Entries supplied:
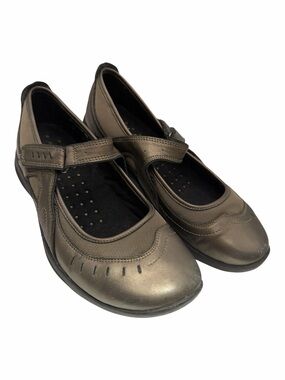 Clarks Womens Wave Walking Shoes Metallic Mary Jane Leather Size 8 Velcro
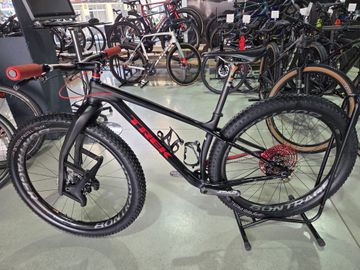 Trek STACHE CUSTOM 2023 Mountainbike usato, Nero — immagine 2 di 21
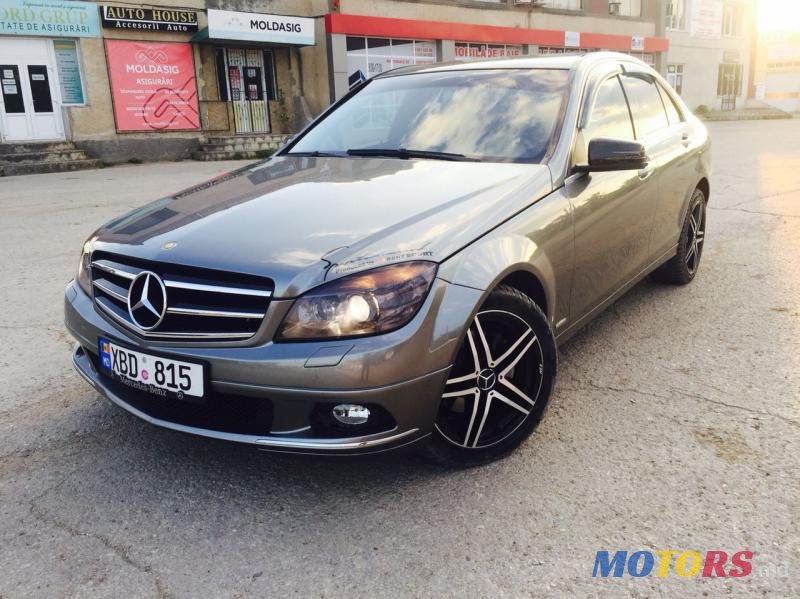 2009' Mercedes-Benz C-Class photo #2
* * *
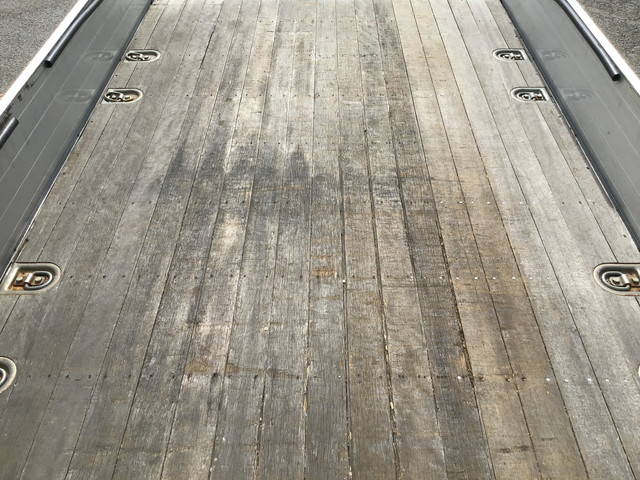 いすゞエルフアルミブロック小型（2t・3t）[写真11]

Exercise: Give again the stretch of the entries above that begins at the line with "Clarks Womens Wave" and ends at the line with "2009' Mercedes-Benz C-Class photo #2", word for word, with no pictures.

Response box:
 Clarks Womens Wave Walking Shoes Metallic Mary Jane Leather Size 8 Velcro
 Trek STACHE CUSTOM 2023 Mountainbike usato, Nero — immagine 2 di 21
 2009' Mercedes-Benz C-Class photo #2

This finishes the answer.